Four categories are causality, coincidence, serendipity, and synchronicity.

Causality represents causal events grouped without meaning. These are common events.

Coincidence represents acausal events grouped without meaning. These are less common events.

Serendipity represents causal events grouped by meaning. These are rare events.

Synchronicity represents acausal events grouped by meaning. These events are unlikely to occur by chance and may represent an outlier effect.

Examples 
A causality example is to strike a cue ball with a pool stick to make it move. The result is expected and has no meaning.

A coincidence example is two friends from the same town finding each other at the same time in the town's library without any planning. The result is unexpected, yet has no meaning (significance).
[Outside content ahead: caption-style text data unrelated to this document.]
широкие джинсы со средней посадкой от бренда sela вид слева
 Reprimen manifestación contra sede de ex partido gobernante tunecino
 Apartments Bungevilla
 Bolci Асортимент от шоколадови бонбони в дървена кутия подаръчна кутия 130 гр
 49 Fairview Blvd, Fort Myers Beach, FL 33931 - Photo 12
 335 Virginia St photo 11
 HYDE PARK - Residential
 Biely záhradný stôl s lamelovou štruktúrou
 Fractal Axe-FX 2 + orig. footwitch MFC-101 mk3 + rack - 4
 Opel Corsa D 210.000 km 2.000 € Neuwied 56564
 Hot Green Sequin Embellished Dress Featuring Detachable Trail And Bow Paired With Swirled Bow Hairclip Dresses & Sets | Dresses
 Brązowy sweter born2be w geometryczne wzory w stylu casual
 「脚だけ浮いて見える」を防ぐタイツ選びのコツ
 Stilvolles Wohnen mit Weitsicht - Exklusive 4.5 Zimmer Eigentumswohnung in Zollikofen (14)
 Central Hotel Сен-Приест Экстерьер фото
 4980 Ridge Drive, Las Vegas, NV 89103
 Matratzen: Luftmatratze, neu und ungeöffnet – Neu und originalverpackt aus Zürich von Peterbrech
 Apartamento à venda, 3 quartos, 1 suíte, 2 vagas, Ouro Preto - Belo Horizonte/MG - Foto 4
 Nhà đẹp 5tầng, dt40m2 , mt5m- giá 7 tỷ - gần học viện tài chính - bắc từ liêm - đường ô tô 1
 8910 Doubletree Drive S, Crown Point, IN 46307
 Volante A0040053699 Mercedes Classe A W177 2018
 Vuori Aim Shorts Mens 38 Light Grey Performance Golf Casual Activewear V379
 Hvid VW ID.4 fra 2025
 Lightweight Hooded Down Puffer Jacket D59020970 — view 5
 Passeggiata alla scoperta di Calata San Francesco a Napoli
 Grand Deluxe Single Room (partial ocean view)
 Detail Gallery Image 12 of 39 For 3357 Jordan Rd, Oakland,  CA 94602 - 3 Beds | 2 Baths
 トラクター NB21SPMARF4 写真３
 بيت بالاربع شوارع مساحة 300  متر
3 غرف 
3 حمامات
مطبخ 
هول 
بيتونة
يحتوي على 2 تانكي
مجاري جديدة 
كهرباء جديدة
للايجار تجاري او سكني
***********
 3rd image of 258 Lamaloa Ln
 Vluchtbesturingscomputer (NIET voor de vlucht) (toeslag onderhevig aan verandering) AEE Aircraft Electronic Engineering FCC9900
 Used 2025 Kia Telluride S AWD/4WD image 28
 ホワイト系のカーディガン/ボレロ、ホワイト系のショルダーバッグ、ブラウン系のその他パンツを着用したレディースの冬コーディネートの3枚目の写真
A serendipity example is finding something useful while looking for something else, such as finding the cue ball while looking for the pool stick. The find was caused by the search, and because the find was useful, the event has meaning.

A sychronicity example is two friends who rarely visit libraries, without any planning, finding each other in a library on one day; and again without any planning, finding each other in a distant library on a later date. Not only is the result unexpected, the friends find the event to have meaning (significance), because of the remote chance of the event.

Criticisms and interpretations 
Determinism theory argues against acausal events. However, the idea of causal determinism can neither be argued for nor against based on the scientific knowledge at this point in time .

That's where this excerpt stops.